Every record below is to be retyped exactly, with any pictures left out.

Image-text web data
* * *

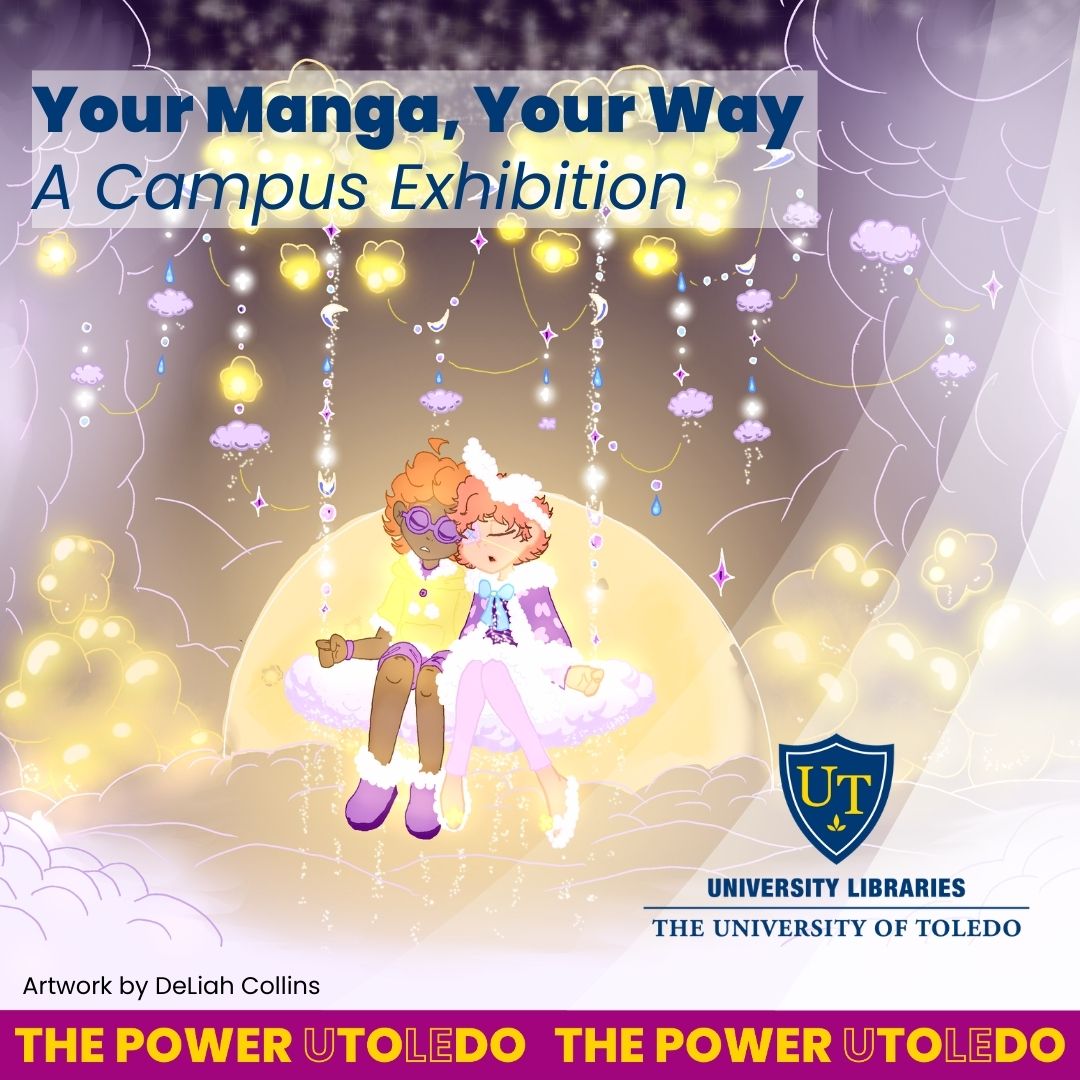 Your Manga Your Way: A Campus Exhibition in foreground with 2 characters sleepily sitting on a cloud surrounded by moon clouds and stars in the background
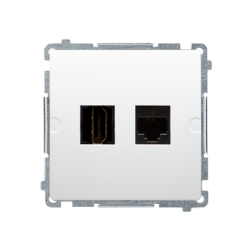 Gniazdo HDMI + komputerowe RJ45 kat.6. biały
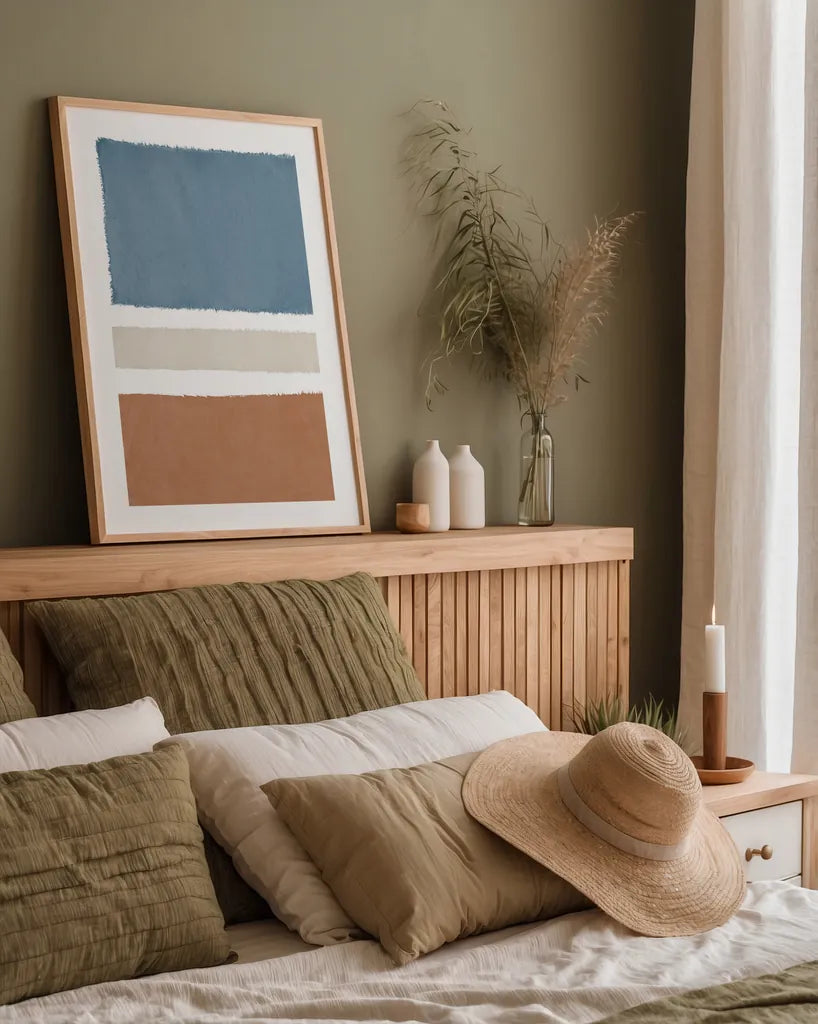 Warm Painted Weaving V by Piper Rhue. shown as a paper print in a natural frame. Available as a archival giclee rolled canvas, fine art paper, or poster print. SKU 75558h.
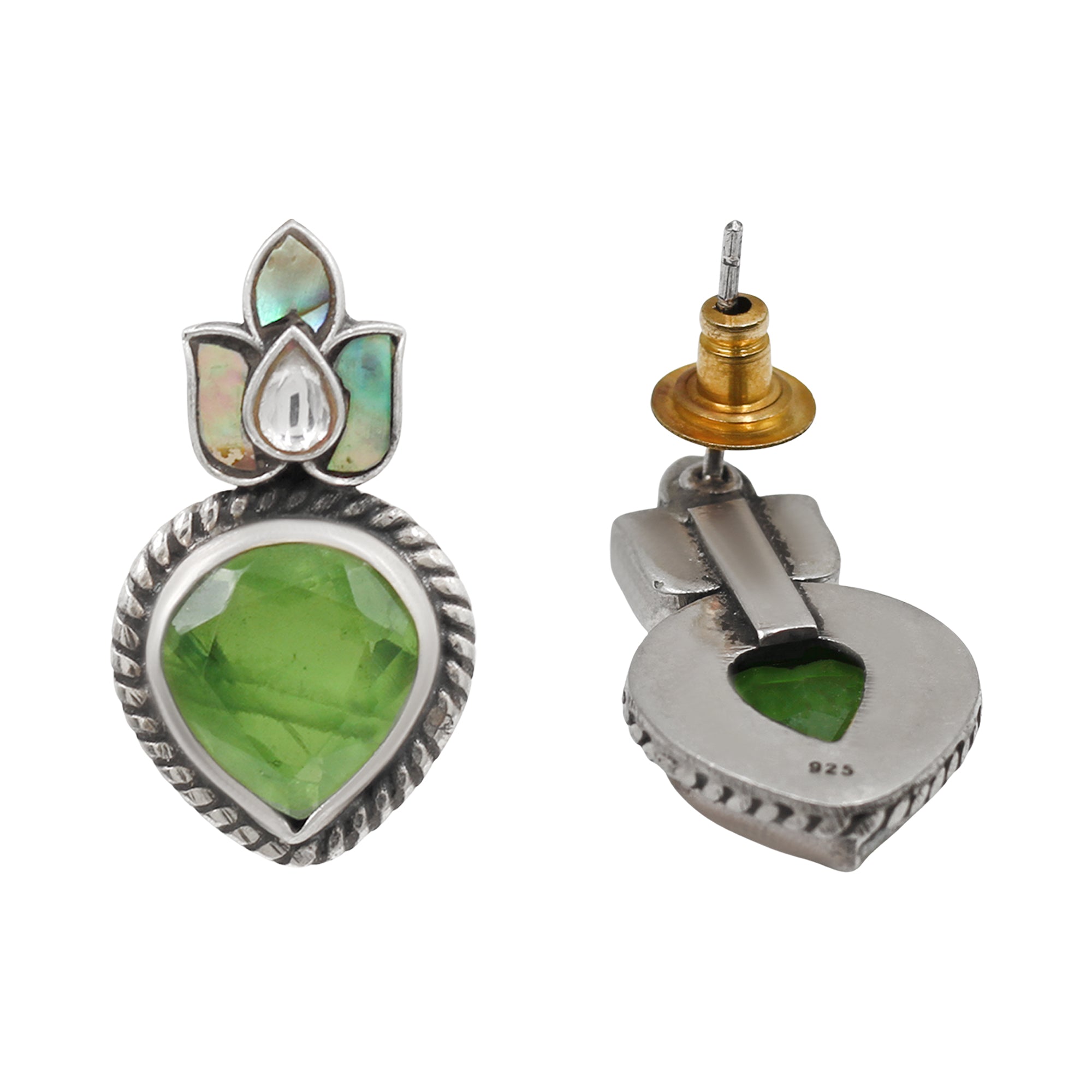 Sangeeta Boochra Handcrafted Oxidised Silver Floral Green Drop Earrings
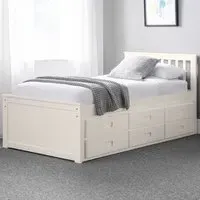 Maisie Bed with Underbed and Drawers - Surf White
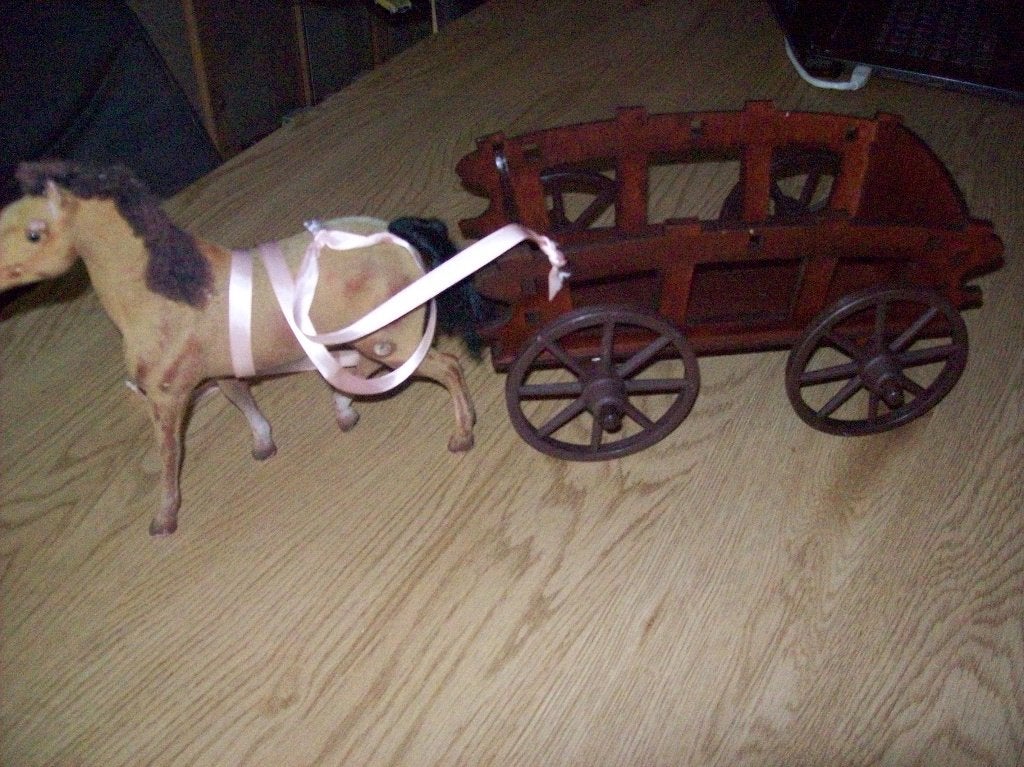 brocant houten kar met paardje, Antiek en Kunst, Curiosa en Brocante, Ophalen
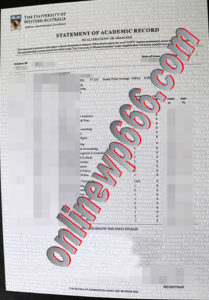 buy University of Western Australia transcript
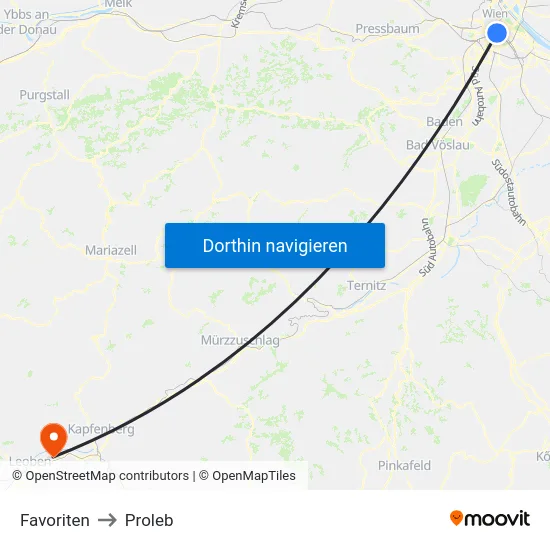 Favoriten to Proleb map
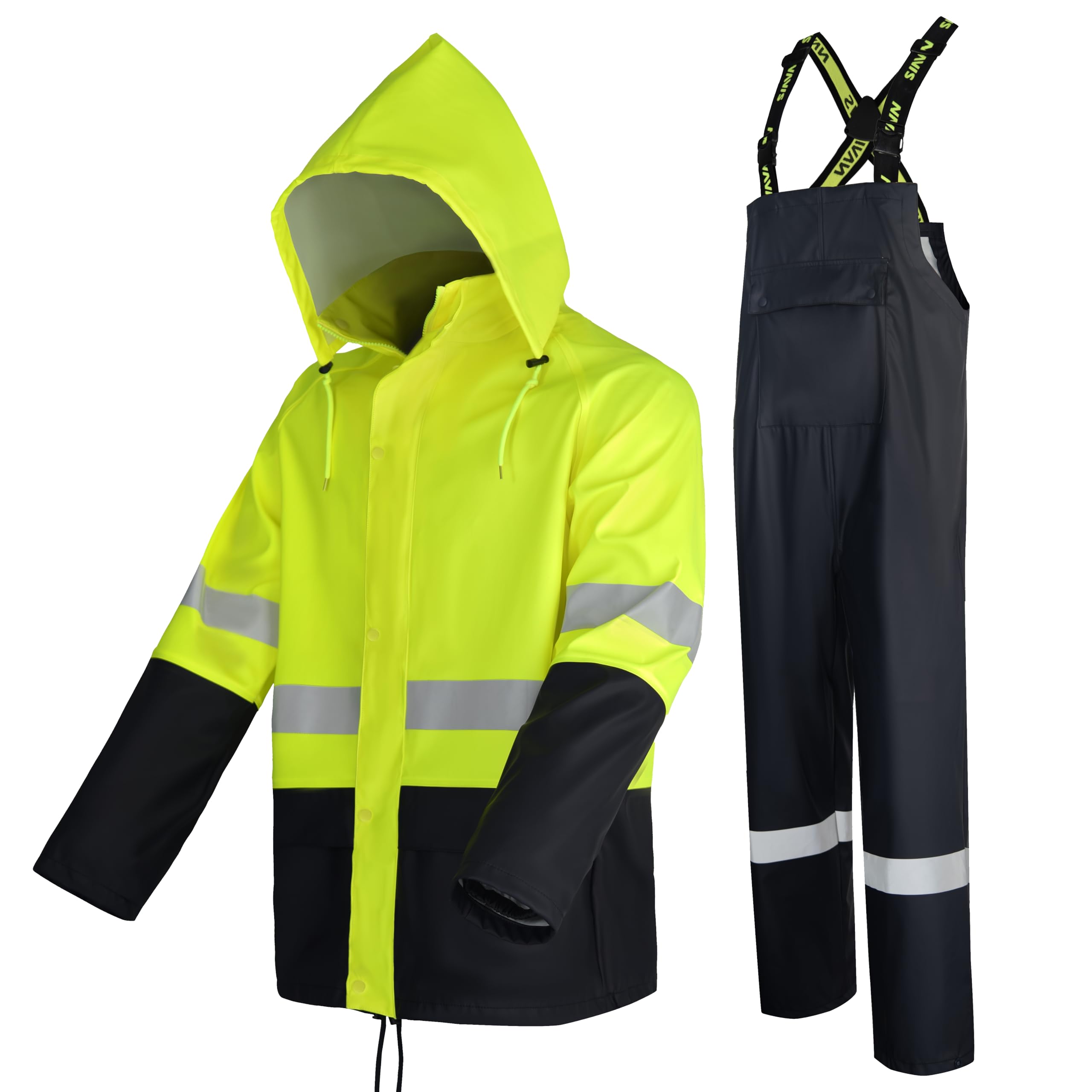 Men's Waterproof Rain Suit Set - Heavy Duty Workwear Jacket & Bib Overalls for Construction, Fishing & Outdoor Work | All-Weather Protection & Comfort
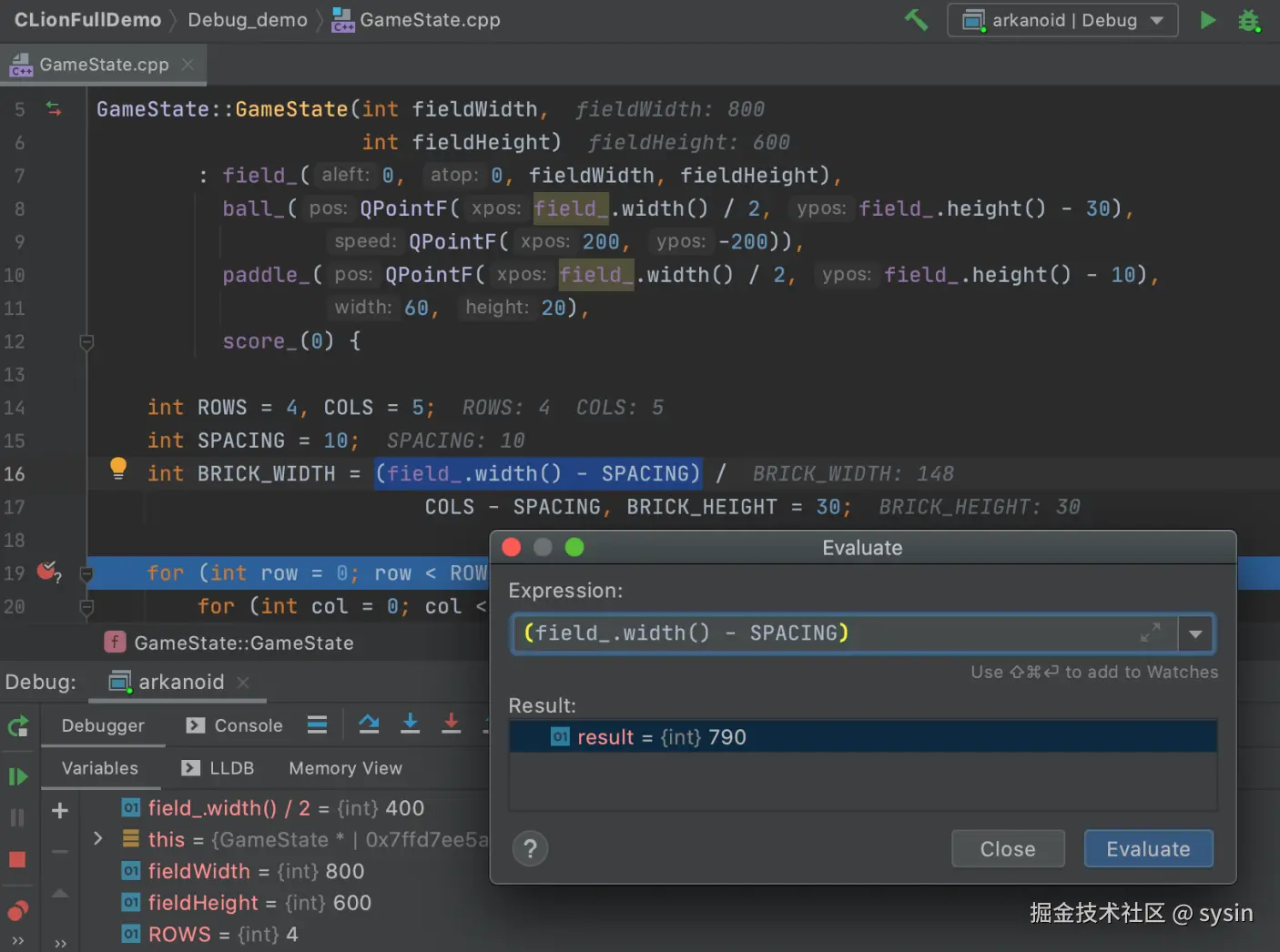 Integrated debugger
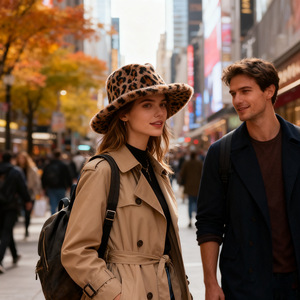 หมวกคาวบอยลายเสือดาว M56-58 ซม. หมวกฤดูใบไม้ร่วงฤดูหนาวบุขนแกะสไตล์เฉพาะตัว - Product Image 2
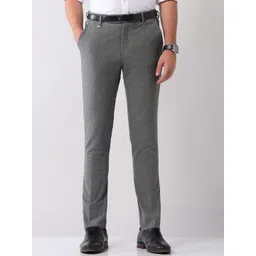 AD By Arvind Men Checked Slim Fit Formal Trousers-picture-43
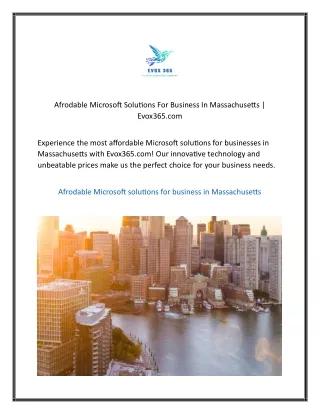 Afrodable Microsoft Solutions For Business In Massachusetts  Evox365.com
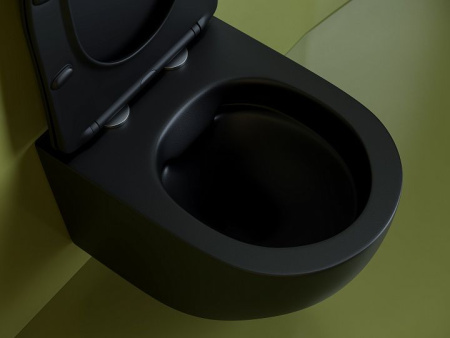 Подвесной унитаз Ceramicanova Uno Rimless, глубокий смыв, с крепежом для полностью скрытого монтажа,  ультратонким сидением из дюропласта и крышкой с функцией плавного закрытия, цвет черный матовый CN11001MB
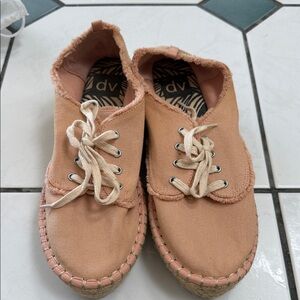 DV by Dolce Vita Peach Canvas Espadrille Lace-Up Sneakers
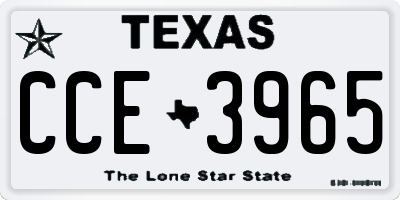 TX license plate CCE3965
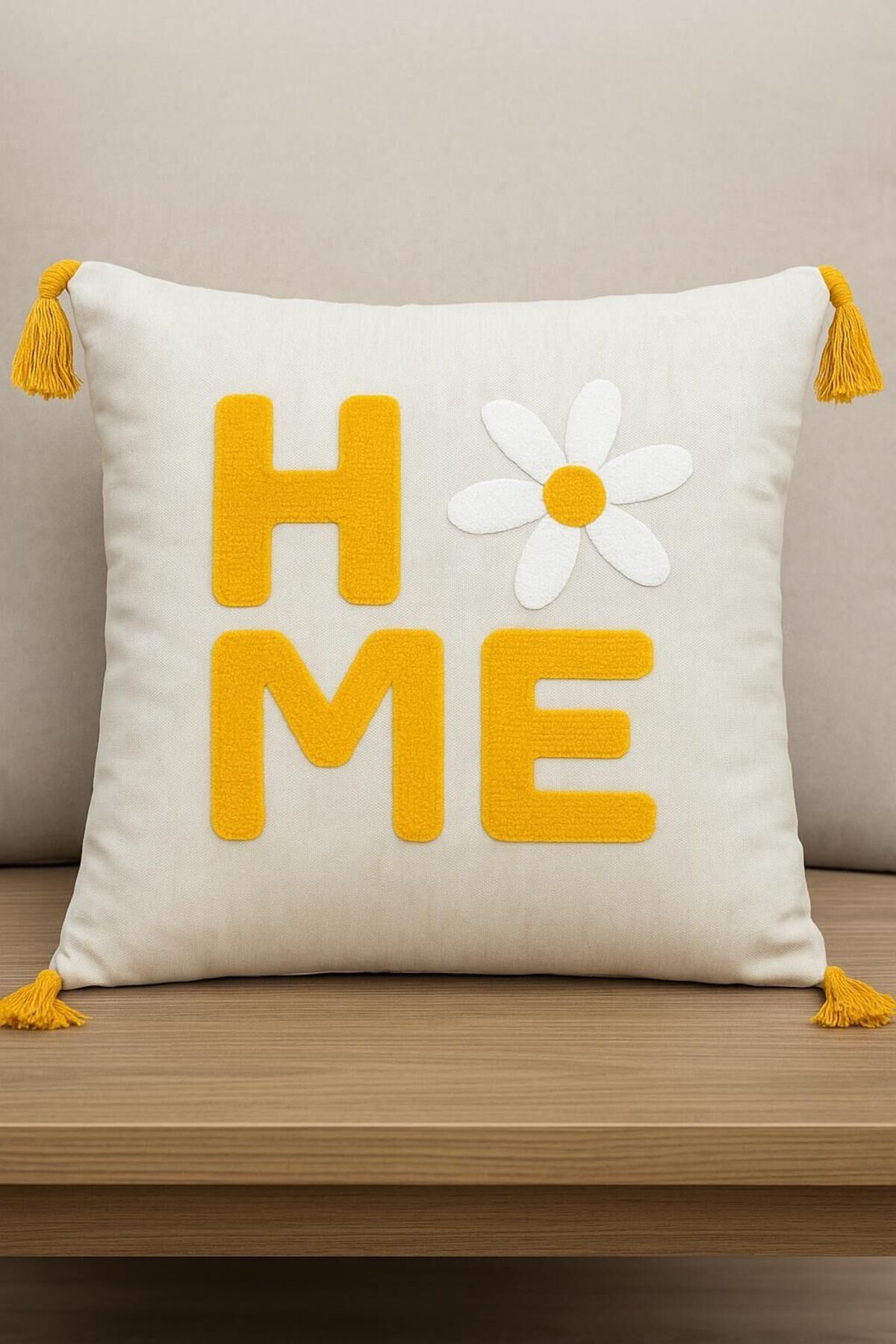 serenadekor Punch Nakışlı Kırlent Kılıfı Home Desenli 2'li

* * *

# [Task output]
 Your Manga Your Way: A Campus Exhibition in foreground with 2 characters sleepily sitting on a cloud surrounded by moon clouds and stars in the background
 Gniazdo HDMI + komputerowe RJ45 kat.6. biały
 Warm Painted Weaving V by Piper Rhue. shown as a paper print in a natural frame. Available as a archival giclee rolled canvas, fine art paper, or poster print. SKU 75558h.
 Sangeeta Boochra Handcrafted Oxidised Silver Floral Green Drop Earrings
 Maisie Bed with Underbed and Drawers - Surf White
 brocant houten kar met paardje, Antiek en Kunst, Curiosa en Brocante, Ophalen
 buy University of Western Australia transcript
 Favoriten to Proleb map
 Men's Waterproof Rain Suit Set - Heavy Duty Workwear Jacket & Bib Overalls for Construction, Fishing & Outdoor Work | All-Weather Protection & Comfort
 Integrated debugger
 หมวกคาวบอยลายเสือดาว M56-58 ซม. หมวกฤดูใบไม้ร่วงฤดูหนาวบุขนแกะสไตล์เฉพาะตัว - Product Image 2
 AD By Arvind Men Checked Slim Fit Formal Trousers-picture-43
 Afrodable Microsoft Solutions For Business In Massachusetts  Evox365.com
 Подвесной унитаз Ceramicanova Uno Rimless, глубокий смыв, с крепежом для полностью скрытого монтажа,  ультратонким сидением из дюропласта и крышкой с функцией плавного закрытия, цвет черный матовый CN11001MB
 DV by Dolce Vita Peach Canvas Espadrille Lace-Up Sneakers
 TX license plate CCE3965
 serenadekor Punch Nakışlı Kırlent Kılıfı Home Desenli 2'li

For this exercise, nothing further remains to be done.